First Instance Tribunals

  1. There is a significant line of authority concerning the circumstances in which it is permissible for one first-instance judge or tribunal to make a decision concerning proceedings that another judge or tribunal has commenced to hear, but has been unable to continue to hear. Even though the present case concerns reconstitution of an appellate court, the cases concerning reconstitution of first-instance tribunals can illuminate what, if any, limitations on reconstitution there are simply by virtue of being a court.

  1. Concerning reconstitution of first-instance tribunals, if a statute specifically required the same judges to be present during the whole of the proceedings, that provision must be complied with: Munday v Munday [1954] 2 All ER 667. Conversely, if a statute permitted substitution of one judicial officer by another in certain circumstances, if a case begun by one judge has become part-heard, a different judge can complete the case in the circumstances permitted by such a statute: Chua Chee Chor v Chua Kim Yong [1962] 1 WLR 1464.

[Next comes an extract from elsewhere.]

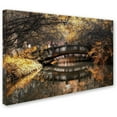 thumbnail image 2 of Trademark Fine Art "Dream Fall" Canvas Art by Philippe Hugonnard, 2 of 3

  1. Subject to those matters, whether it is permissible for another judge to complete the part-heard case, rather than starting the hearing afresh, can be influenced by whether the trial is civil or criminal: R v Southwark Crown Court [1993] 1 WLR 764. It can be influenced by whether the trial is before a judge sitting alone, a judge and jury, or some differently constituted form of tribunal. It can be influenced by whether there is a significant conflict in the evidence: Bolton v Bolton [1949] 2 All ER 908; Re British Reinforced Concrete Engineering Co's Application (1929) 45 TLR 186; Brennan v Brennan (1953) 89 CLR 129 at 136-137. It can be influenced by whether the reason why a judge who has embarked on hearing a case does not continue to hear it to its conclusion is because it is impossible for the judge to continue (whether through death, ceasing to hold office as a judge, or other causes such as incapacitating illness) or whether it is a matter of personal or administrative convenience. It can be influenced by the nature of the tasks that remain to be done when the first judge becomes unavailable.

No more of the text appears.